= West Jeddore, Nova Scotia =

 West Jeddore is a rural community of the Halifax Regional Municipality in the Canadian province of Nova Scotia.

== History ==

=== Battle at Winnepang (Jeddore Harbour) ===

On July 22, 1722, immediately after the declaration of Dummer's War, Governor Richard Philipps commissioned Capt. John Elliot and Capt. John Robinson in two sloops with regiments to protect the fishery at Canso, Nova Scotia and retrieve the New England prisoners. There was a Mi'kmaq camping place at near-by West Jeddore. There were thirty-nine natives at Winnepang (present-day Jeddore Harbour) harbouring prisoners in seven vessels. Capt. Elliot and Bradstreet arrived in the harbour and attacked the natives in a two-hour naval battle. A boarding party led by Bradstreet overwhelmed the natives with hand grenades and disciplined fire. Capt. Elliot and several of his men were badly wounded. Five of the men were killed.
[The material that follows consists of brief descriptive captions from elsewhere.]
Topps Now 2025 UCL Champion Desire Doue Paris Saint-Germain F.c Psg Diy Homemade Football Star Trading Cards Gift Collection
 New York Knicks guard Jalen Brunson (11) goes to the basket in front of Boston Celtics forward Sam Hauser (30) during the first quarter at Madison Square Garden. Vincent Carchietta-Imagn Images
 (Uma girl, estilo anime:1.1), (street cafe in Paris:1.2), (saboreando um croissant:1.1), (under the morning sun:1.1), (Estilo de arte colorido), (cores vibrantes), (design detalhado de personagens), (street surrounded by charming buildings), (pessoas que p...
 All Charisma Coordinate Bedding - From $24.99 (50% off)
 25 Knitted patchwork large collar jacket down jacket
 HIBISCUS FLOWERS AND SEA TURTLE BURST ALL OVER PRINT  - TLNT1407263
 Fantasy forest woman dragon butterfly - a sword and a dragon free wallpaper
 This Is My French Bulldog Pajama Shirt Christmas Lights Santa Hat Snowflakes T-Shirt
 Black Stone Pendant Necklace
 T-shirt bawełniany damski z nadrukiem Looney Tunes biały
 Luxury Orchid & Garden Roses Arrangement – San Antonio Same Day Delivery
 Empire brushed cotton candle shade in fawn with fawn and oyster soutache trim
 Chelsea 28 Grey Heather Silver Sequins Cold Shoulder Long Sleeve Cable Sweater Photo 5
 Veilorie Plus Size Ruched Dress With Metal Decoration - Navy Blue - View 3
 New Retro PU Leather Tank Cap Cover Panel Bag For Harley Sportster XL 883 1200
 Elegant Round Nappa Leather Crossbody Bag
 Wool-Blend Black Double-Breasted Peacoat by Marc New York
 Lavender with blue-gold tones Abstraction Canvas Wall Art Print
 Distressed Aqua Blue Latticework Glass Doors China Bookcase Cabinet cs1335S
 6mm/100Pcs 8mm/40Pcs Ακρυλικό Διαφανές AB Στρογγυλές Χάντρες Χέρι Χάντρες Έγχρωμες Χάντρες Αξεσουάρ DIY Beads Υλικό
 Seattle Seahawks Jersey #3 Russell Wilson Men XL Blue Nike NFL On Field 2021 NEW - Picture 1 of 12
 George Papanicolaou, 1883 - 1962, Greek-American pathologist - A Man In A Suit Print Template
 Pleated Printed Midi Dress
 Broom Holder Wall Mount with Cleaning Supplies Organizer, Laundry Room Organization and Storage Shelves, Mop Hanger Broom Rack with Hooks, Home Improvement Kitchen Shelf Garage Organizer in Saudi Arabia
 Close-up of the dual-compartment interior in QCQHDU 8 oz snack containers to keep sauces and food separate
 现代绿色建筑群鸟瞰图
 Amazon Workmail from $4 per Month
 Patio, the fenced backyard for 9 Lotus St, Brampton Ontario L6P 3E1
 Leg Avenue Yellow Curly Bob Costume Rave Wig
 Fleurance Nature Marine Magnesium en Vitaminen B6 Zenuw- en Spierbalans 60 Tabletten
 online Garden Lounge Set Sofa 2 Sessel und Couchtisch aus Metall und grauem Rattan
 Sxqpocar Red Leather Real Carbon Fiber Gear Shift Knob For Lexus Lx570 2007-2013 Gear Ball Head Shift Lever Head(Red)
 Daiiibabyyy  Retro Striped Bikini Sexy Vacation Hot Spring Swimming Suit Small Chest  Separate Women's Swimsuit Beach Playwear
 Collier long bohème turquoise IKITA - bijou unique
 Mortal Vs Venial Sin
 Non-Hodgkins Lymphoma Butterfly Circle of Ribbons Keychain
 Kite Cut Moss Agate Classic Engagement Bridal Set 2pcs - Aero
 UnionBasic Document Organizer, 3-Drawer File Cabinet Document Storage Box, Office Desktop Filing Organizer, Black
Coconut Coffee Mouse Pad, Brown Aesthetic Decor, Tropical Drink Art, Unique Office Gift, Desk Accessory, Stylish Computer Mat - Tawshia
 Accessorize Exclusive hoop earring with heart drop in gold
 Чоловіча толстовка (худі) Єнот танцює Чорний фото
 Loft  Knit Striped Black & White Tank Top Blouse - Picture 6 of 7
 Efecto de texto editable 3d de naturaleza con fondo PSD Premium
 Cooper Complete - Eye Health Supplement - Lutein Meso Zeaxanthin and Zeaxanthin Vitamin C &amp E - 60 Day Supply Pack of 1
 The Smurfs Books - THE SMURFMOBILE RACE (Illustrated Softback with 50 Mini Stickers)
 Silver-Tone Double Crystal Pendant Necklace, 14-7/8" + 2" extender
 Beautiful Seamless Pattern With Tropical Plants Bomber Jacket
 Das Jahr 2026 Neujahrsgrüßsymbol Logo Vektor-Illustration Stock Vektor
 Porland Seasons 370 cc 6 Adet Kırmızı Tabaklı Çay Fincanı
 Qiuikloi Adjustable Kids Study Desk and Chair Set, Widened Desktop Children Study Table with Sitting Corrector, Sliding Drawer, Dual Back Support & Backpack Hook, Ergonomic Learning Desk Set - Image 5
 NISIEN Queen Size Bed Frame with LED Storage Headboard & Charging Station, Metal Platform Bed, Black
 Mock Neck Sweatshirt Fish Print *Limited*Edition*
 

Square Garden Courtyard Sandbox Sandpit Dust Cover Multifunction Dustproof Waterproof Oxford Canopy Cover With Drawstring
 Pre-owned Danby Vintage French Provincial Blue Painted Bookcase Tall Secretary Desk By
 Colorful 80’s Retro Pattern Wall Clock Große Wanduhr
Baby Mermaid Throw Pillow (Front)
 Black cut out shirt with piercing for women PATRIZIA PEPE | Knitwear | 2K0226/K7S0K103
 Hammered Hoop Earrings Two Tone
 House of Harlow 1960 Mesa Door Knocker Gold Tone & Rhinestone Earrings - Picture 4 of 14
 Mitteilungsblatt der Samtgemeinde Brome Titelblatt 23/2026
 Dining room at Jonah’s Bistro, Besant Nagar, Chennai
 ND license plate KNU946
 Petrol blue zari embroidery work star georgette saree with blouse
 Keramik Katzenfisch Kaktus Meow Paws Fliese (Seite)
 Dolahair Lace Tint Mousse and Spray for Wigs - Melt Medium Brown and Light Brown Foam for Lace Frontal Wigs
As the Mi'kmaq tried to swim ashore to escape, the New Englanders opened fire on them. Thirty-five natives were killed. The New Englanders managed to rescue fifteen prisoners from the vessels, while discovering that nine had been killed.

Only five native bodies were recovered from the battle. The New Englanders decapitated the corpses and set the severed heads on spikes surrounding Canso's new fort.